Only You know how much time and emotion I invest
trying to figure out when to take a step and when to rest
Only You know how burned out I get with life's uncertainty,
how I can't let myself return to depression so I try to keep the glass half-full, desperately

Only You know all I will encounter and all the mistakes I'll make
Only You know what triumphs and falls will result from the risks I take
Only You in the end are the one who knows me, better than I know myself
Only You know when my book of life will end and retire upon a shelf

Only You know.
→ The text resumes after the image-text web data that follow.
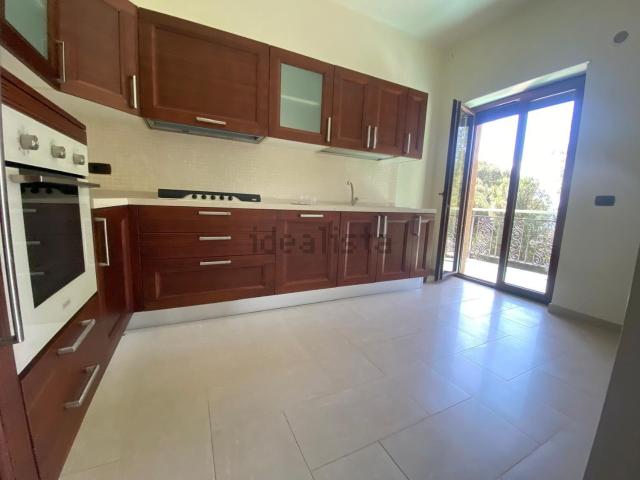 Appartamento in vendita di 126 m² in Strada Panoramica dello Stretto, 1020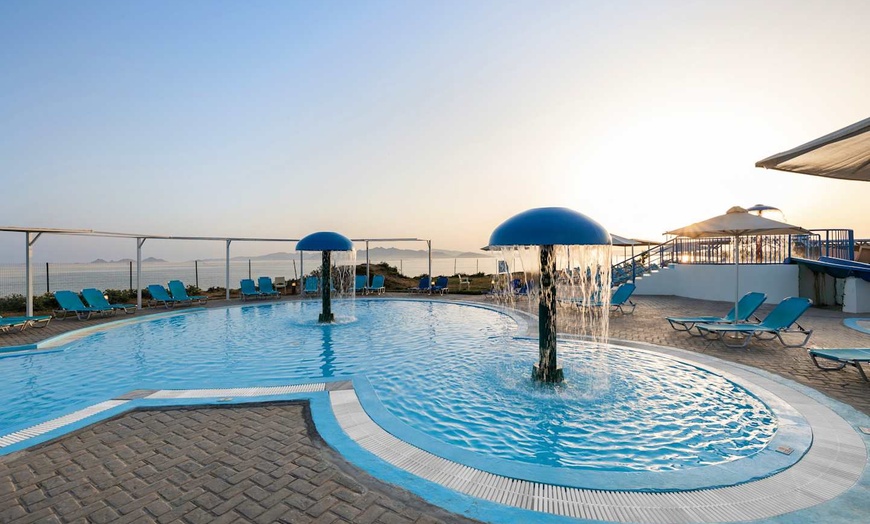 Image 3: ✈ KOS | Tigaki - White Olive Marine Aquapark Resort 4* - Idéal famille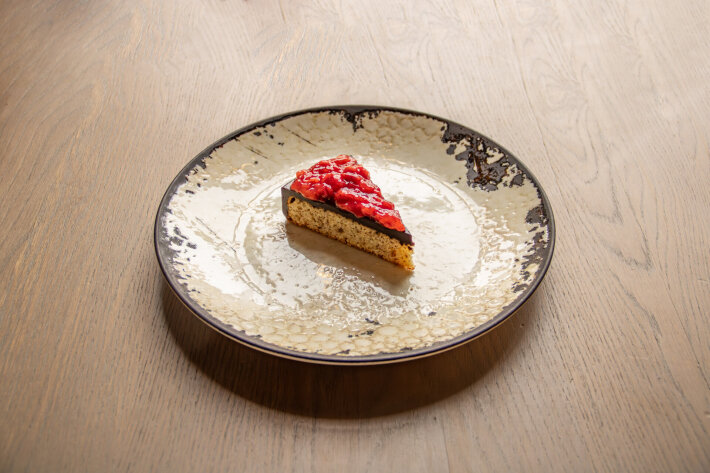 Постный торт с клубникой и бананом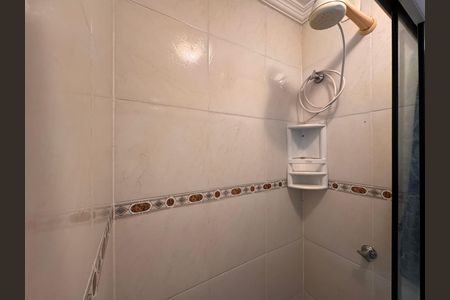 Casa de condomínio à venda com 180m², 3 quartos e 2 vagasCozinha e Área de Serviço - Banheiro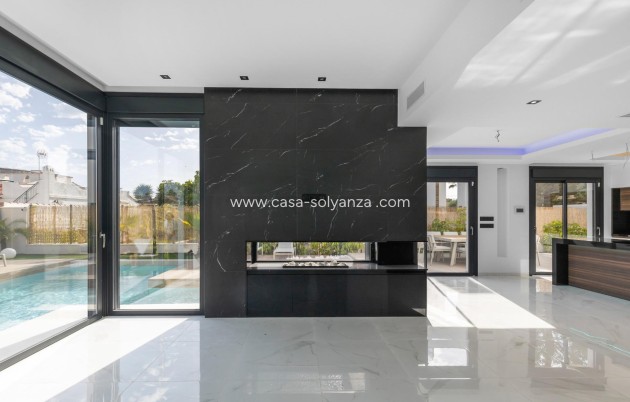 Resale - Villa - Torrevieja - Torreta Florida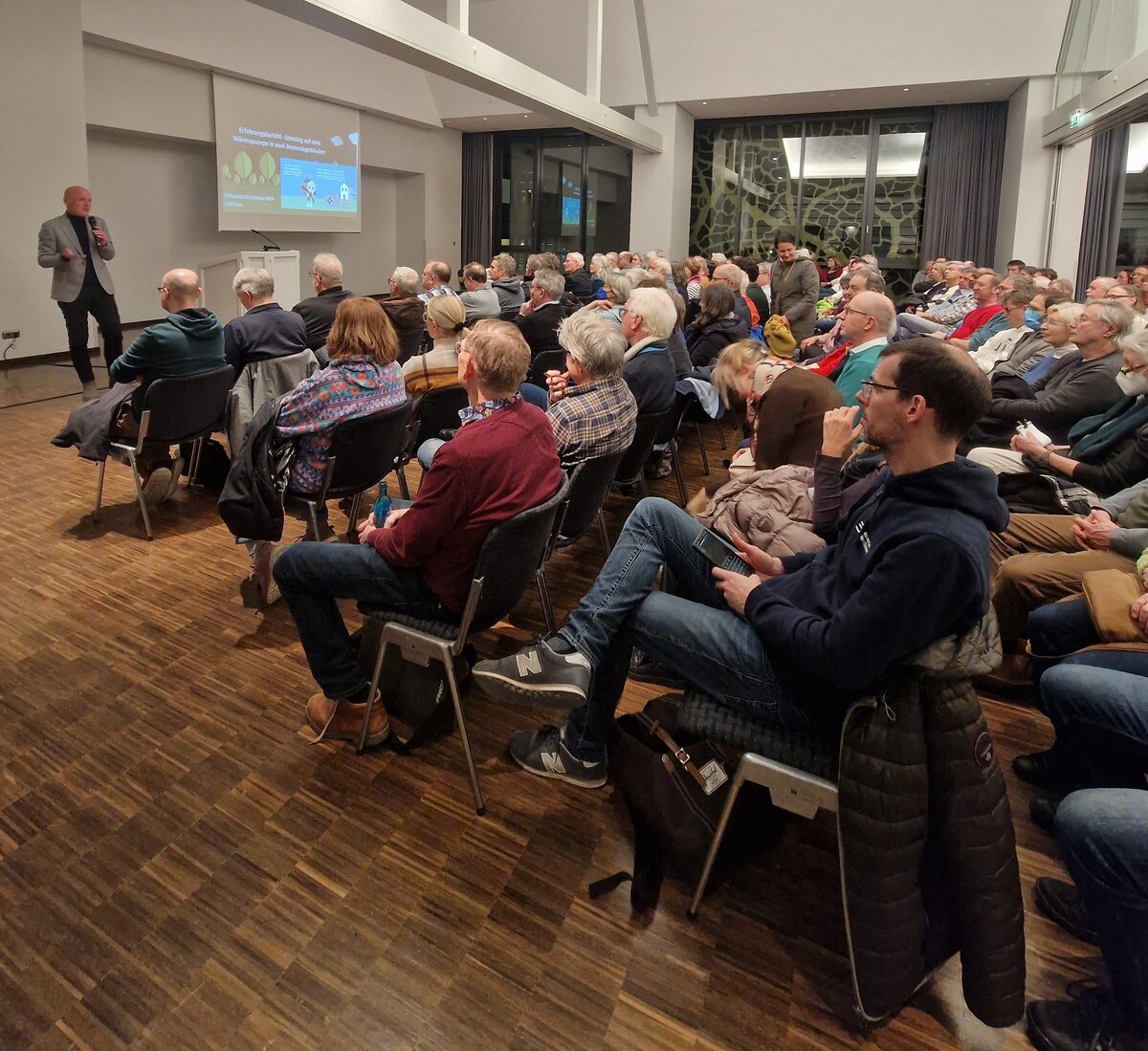 Erster Stadtrat Daniel Philipp begrüßt die Interessierten in der Stadthalle.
ONLY YOU. And it can frustrate me beyond all measure
But those moments when analysis paralysis ceases, my surrender evokes a calm, clear pleasure.
Only You know how long that feeling will last and what other mountains I'll have to climb
But Only You have infinite patience and love and, thankfully, infinite time

I can tend to procrastinate or other times rush to figure out the whos, whats, whens, wheres, and whys
But when I truly get that it's a millisecond on Your eternal calendar, my anxiety is dwarfed by Your size

Only You are what I need
Only You will remain
May I step into that big picture and not paint my own canvas in vain








3 comments:

Lesa said...

Yet again, another great poem...thanks for sharing, Jess!

Jessica Hamlin said...

Thanks for reading, Lesa! Poetry can really help me process and I'm glad I've gotten to share some of it recently.

Melissa M said...

wow, that is a beautiful and touching poem. your talent never ceases to amaze me!
awesome points from that sermon too.